### ASSIGNMENT
Each line below that includes the word "بغداد" is to be reported.

### SUPPLIED DATA
====================

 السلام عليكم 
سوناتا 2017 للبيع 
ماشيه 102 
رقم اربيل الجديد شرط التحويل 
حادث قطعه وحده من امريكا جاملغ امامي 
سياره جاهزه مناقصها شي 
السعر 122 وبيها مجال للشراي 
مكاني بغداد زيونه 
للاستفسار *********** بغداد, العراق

====================

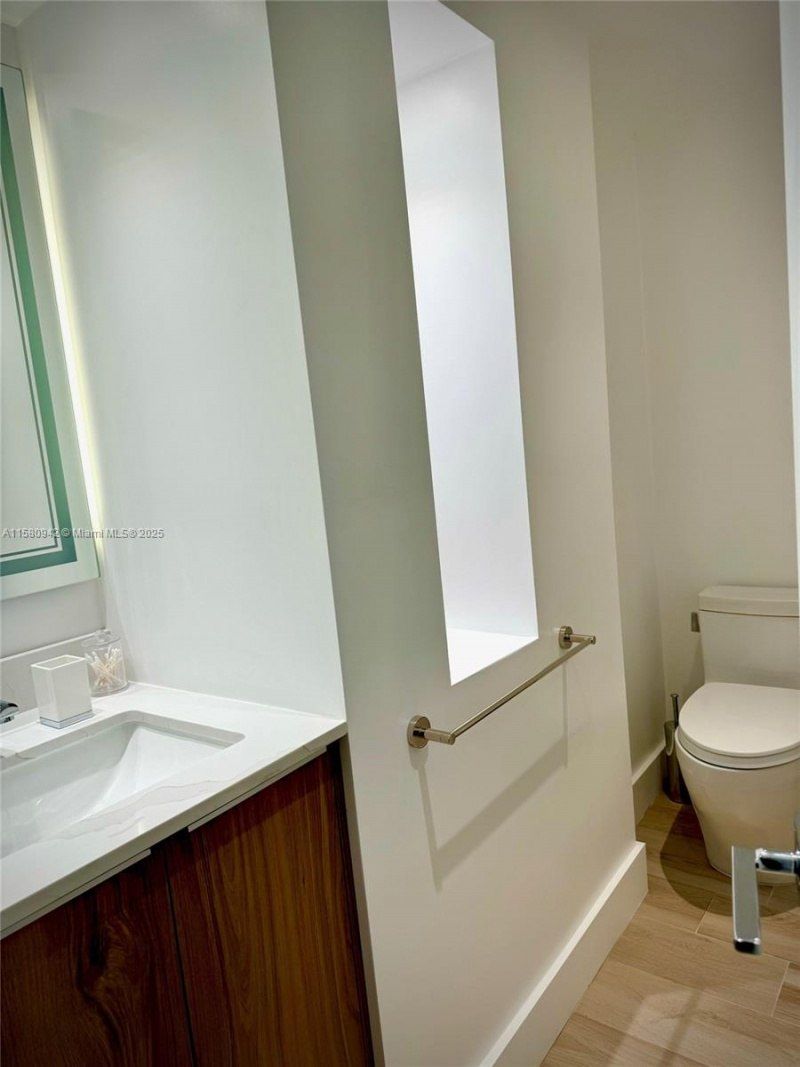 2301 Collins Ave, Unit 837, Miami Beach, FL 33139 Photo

====================

### EXERCISE ANSWER
مكاني بغداد زيونه 
للاستفسار *********** بغداد, العراق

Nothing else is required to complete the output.